● YOUR ASSIGNMENT
Could you repeat the listing exactly, leaving out the pictures?

((

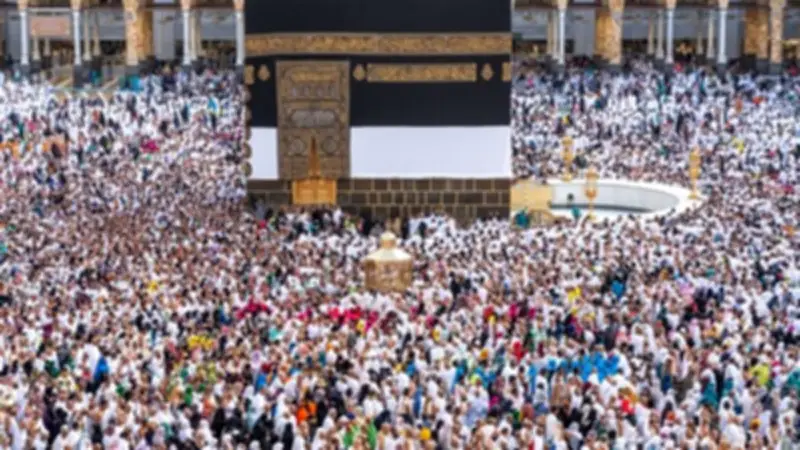 حكم أداء الحج لمن عليه دين يسدده بالأقساط.. الأزهر يوضح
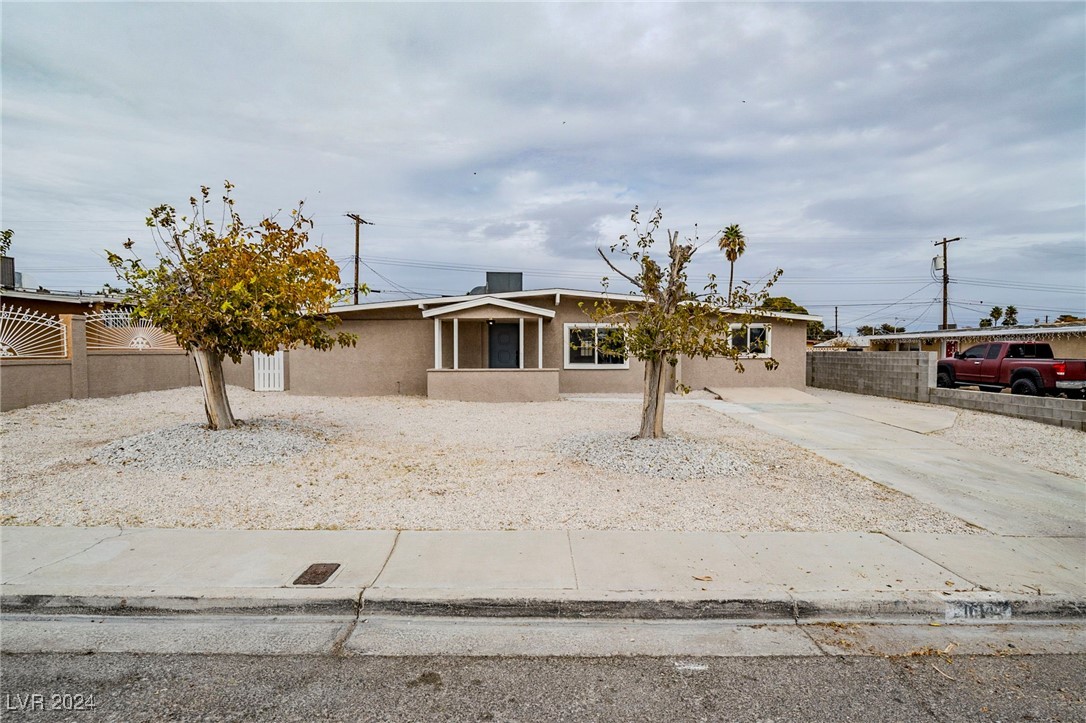 1614 El Segundo Avenue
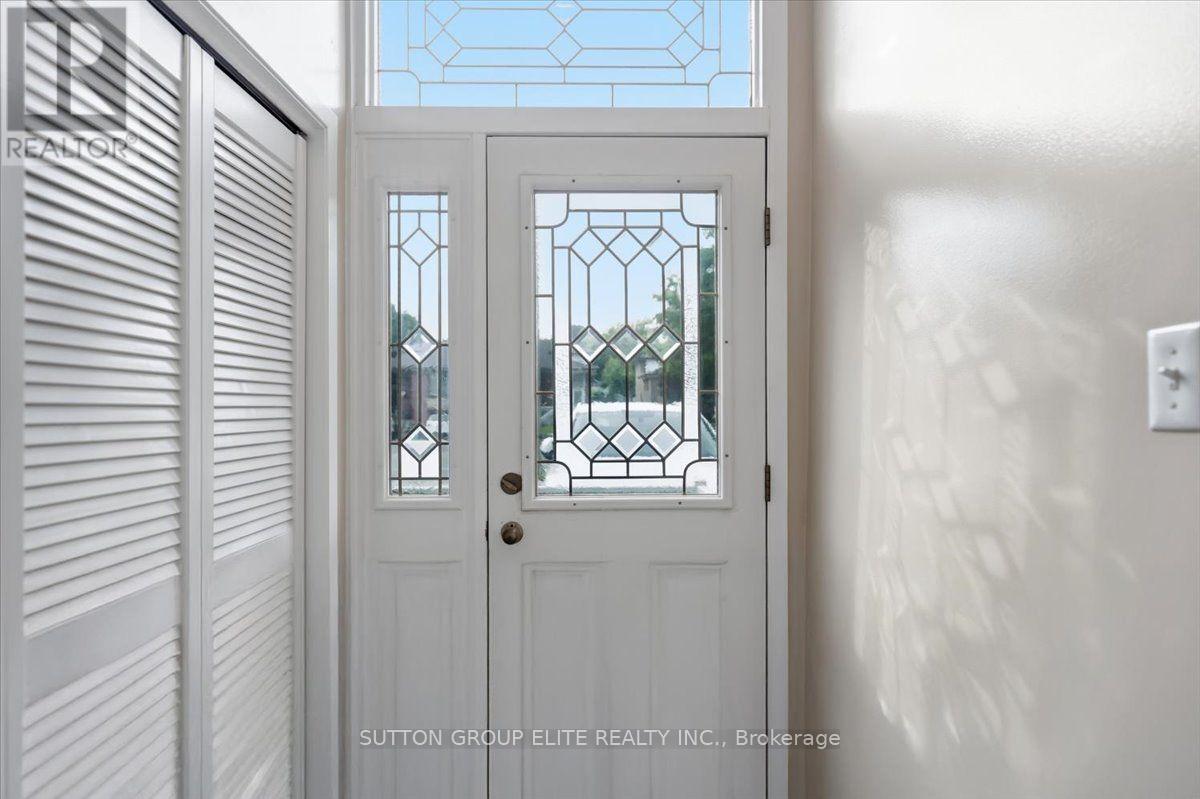 1060 CLAREDALE ROAD - 4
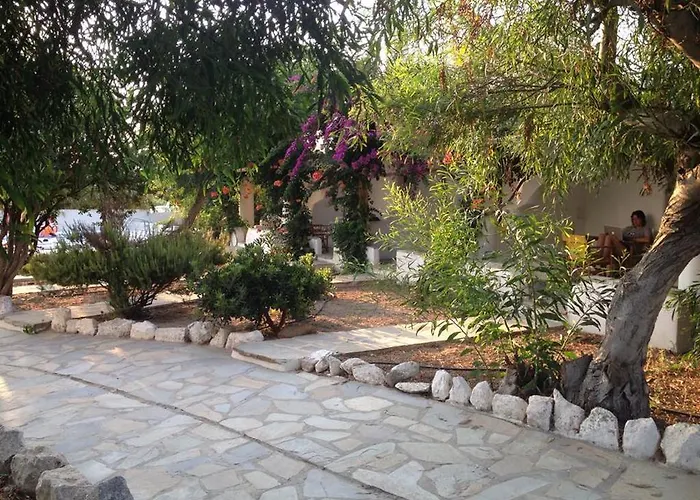 Апарт-отель Something Else 2*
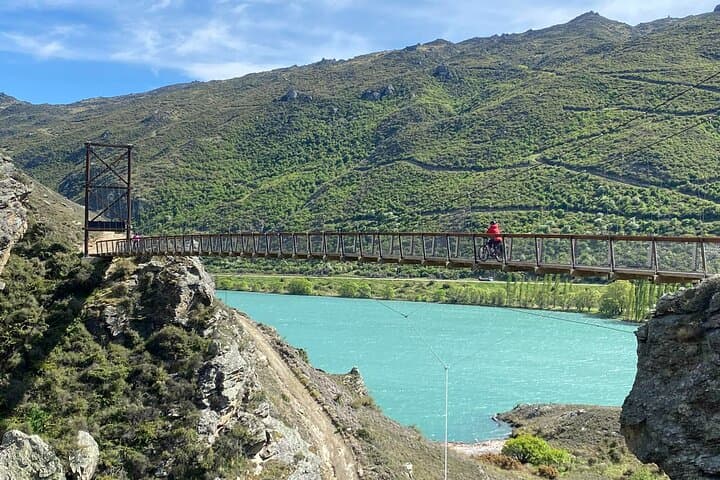 Clyde to Cromwell: Lake Dunstan eBike Day Tour with Wine Tasting photo 3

))

● EXERCISE OUTPUT
 حكم أداء الحج لمن عليه دين يسدده بالأقساط.. الأزهر يوضح
 1614 El Segundo Avenue
 1060 CLAREDALE ROAD - 4
 Апарт-отель Something Else 2*
 Clyde to Cromwell: Lake Dunstan eBike Day Tour with Wine Tasting photo 3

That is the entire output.